Im juristischen Kampf um die lukrativen Rechte an der Genschere hat das Europäische Patentamt die frühere Entscheidung seines US-Gegenparts umgekehrt.
Gericht Hammer

Der Kampf um die Rechte am revolutionären Gen-Werkzeug CRISPR/Cas9 hat eine überraschende Wendung genommen. Anders als das US-Patentamt entschied sein EU-Gegenpart, dass die Anwendung des Verfahrens am Menschen bereits im älteren Patent von Emmanuelle Charpentier und Jennifer Doudna enthalten sei.

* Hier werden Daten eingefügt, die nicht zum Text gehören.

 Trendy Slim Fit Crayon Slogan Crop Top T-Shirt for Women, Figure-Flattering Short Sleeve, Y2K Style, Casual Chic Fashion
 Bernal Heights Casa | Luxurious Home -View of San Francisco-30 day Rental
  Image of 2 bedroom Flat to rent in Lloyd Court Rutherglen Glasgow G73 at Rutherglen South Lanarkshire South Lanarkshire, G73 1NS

Der Entscheid wird die Frage nach den Lizenzen – und damit der Verwendbarkeit in kommerziellen Produkten – noch komplizierter machen.

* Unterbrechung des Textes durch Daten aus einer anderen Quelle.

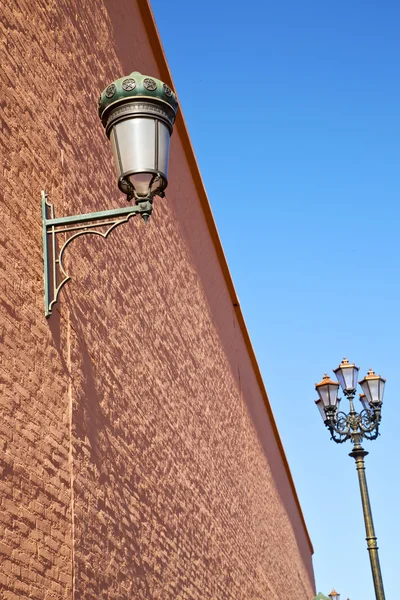Lâmpada de rua em morocco África decoração tijolo — Fotografia de Stock
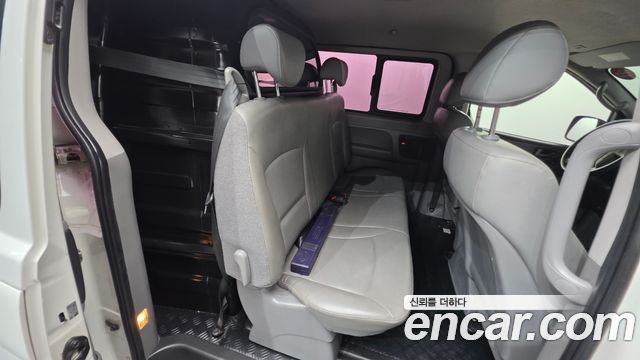 Hyundai Starex 2014 — photo 24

In den USA nämlich hält ihr Gegenspieler, der Forscher Feng Zhang, ein separates Patent für die vermutlich lukrativen humanmedizinischen Anwendungen. Sein Kooperationspartner, das Broad Institute, hat bereits angekündigt, in Europa gegen die neue Rechtslage vorzugehen. Dass die Patentinstitute diesseits und jenseits des Atlantiks in diesem Fall unterschiedlich entscheiden, überrascht Fachleute nicht: Die Frage gilt als juristisch unklar, zugleich unterscheidet sich das Patentrecht in den USA von dem in Europa, so dass auch über unterschiedliche Fragestellungen geurteilt wurde. Die Aussichten auf baldige Rechtssicherheit für kommerzielle biomedizinische Forschung werden dadurch deutlich gedämpft – der Beschluss dürfte der Suche nach Alternativen zu CRISPR/Cas9 weiter Vorschub leisten.